一．下载hadoop源代码到windows

下面是hadoop的官方网站

http://hadoop.apache.org/

显示如下：

我们下载1.2.1版本的稳定版本

下载地址如下：

http://apache.fayea.com/apache-mirror/hadoop/common/hadoop-1.2.1/hadoop-1.2.1.tar.gz

下载完成后，解压缩文件，这里源代码解压缩到 c:\tmp目录

注意： 1. hadoop在linux系列下工作，尽管windows下可以进行安装，但是需要安装很多其他软件，这里也在linux下安装运行。

2. 这里之所以下载安装文件到windows下，我们目的是方便查看里面的文档，查看里面的帮助文档可以了解更多的hadoop情况。

下面进入程序目录，打开帮助文档

二．查看hadoop的文档

在浏览器地址栏中输入如下地址（请根据您的具体位置，调整相关地址，或者在资源管理里面直接打开 index.html文件）

file:///C:/tmp/hadoop-1.2.1/hadoop-1.2.1/docs/index.html

如上图

打开文档后，如下图：

Getting Started

The Hadoop documentation includes the information you need to get started using Hadoop. Begin with the Single Node Setup which shows you how to set up a single-node Hadoop installation. Then move on to the Cluster Setup to learn how to set up a multi-node Hadoop installation. Users interested in quickly setting-up a hadoop cluster for experimentation and testing may also check CLI MiniCluster.

我首先查看本地安装指南

Prerequisites必须的环境

Supported Platforms（支持的平台）

· GNU/Linux is supported as a development and production platform. Hadoop has been demonstrated on GNU/Linux clusters with 2000 nodes.

· Win32 is supported as a development platform. Distributed operation has not been well tested on Win32, so it is not supported as a production platform. Windows平台需要准备很多东西，才能满足大量的脚本等。

Required Software必须的软件

Required software for Linux and Windows include:

1 JavaTM 1.6.x, preferably from Sun, must be installed. Java安装情况

2 sshmust be installed and sshd must be running to use the Hadoop scripts that manage remote Hadoop daemons.

Hadoop必须采用ssh进行相关管理

Additional requirements for Windows include:

3 Cygwin- Required for shell support in addition to the required software above.

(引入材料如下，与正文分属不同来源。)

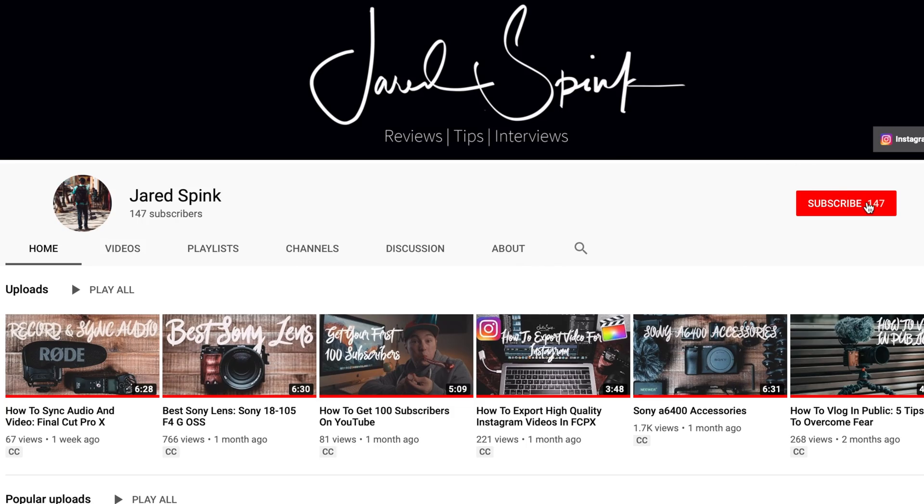Hey, real quick, before we get into this Final Cut 10 tutorial, if this is your first time to my channel and you want to learn more about what it takes to make YouTube videos, gear reviews that'll help you along the way, and tips and tricks and tutorials and all that good stuff when it comes to photography and filmmaking, make sure you subscribe to my channel and hit the bell to be notified when I post my next video.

在windows下必须这个环境，我们本次在linux下进行，因此我们没有这个安装的必要

Installing Software

If your cluster doesn't have the requisite software you will need to install it.

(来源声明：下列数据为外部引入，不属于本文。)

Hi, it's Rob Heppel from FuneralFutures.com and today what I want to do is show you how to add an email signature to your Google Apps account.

For example on Ubuntu Linux:

$ sudo apt-get install ssh
$ sudo apt-get install rsync

上面是 ubuntu进行安装的命令，我们用的 centos环境，因此我们命令如下：

$ yum install ssh
$ yum install rsync

On Windows, if you did not install the required software when you installed cygwin, start the cygwin installer and select the packages:

· openssh - the Net category

Download

To get a Hadoop distribution, download a recent stable release from one of the Apache Download Mirrors.

下载hadoop环境，我们前面已经下载了。

Prepare to Start the Hadoop Cluster在本地开始hadoop的相关情况

Unpack the downloaded Hadoop distribution. In the distribution, edit the file conf/hadoop-env.sh to define at least JAVA_HOME to be the root of your Java installation.

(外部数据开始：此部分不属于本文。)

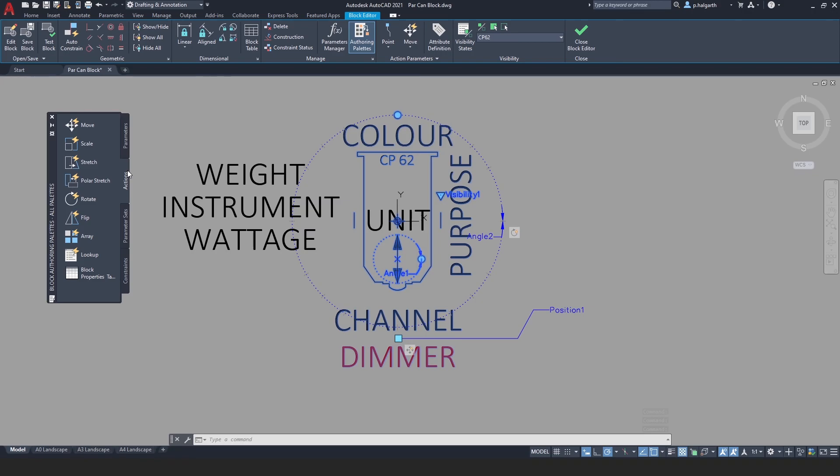So there's loads of things you can do with dynamic blocks. It becomes really powerful once you get the hang of it. I recommend you experiment and try out some of the parameters and actions and see what you can achieve.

Try the following command:
$ bin/hadoop
This will display the usage documentation for the hadoop script.

Now you are ready to start your Hadoop cluster in one of the three supported modes:

· Local (Standalone) Mode

· Pseudo-Distributed Mode

· Fully-Distributed Mode

Standalone Operation

By default, Hadoop is configured to run in a non-distributed mode, as a single Java process. This is useful for debugging.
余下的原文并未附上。